W ILD A CTOR: Unconstrained Identity-Preserving Video Generation - Summary

Summary (Overview)

  • Proposes Actor-18M, a large-scale human video dataset of 1.6M videos with 18M corresponding identity-consistent reference images, designed to overcome viewpoint bias and enable learning of view-invariant human representations.
  • Introduces W ILD A CTOR, a framework for any-view conditioned human video generation, featuring an Asymmetric Identity-Preserving Attention (AIPA) mechanism to prevent identity leakage/pose-locking and an Identity-Aware 3D RoPE (I-RoPE) for token separation.
  • Develops a Viewpoint-Adaptive Monte Carlo Sampling strategy that dynamically re-weights reference images during training to encourage complementary viewpoint coverage and balanced manifold learning.
  • Establishes Actor-Bench, a comprehensive evaluation benchmark, and demonstrates that W ILD A CTOR outperforms existing methods in maintaining full-body identity consistency under challenging viewpoint changes, motions, and long-form narratives.
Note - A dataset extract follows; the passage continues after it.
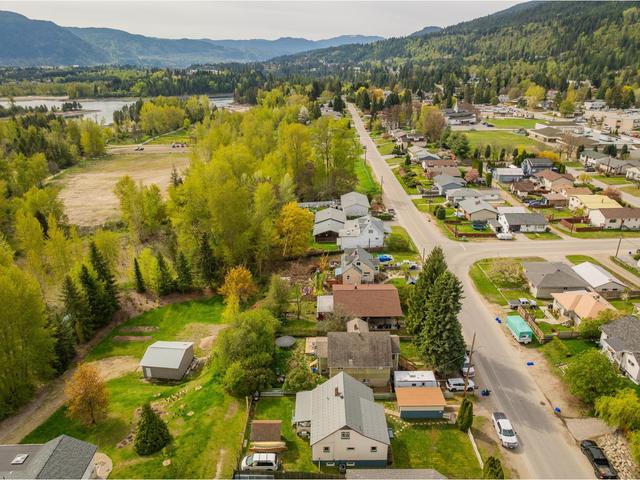 555 5th Ave, House detached with 6 bedrooms, 3 bathrooms and 4 parking in Castlegar BC | Image 10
Introduction and Theoretical Foundation

Production-ready human video generation requires digital actors to maintain strictly consistent identities across shots, viewpoints, and motions—a principle known as "physical permanence" in cinematography. Current diffusion-based video generation models often suffer from identity drift (changing facial/body features) or pose-locking/copy-paste artifacts (subjects appearing rigid). Prior methods are limited by being face-centric (causing "floating head" hallucinations) or relying on naive full-image injection. A critical bottleneck is the lack of large-scale datasets capturing humans under diverse, unconstrained viewpoints and environments. This paper addresses these challenges by curating a novel dataset and proposing a generation framework that decouples identity information from backbone representations to achieve robust, view-invariant human synthesis.

Methodology

1. The Actor-18M Dataset

A large-scale dataset constructed to provide dense, identity-consistent supervision.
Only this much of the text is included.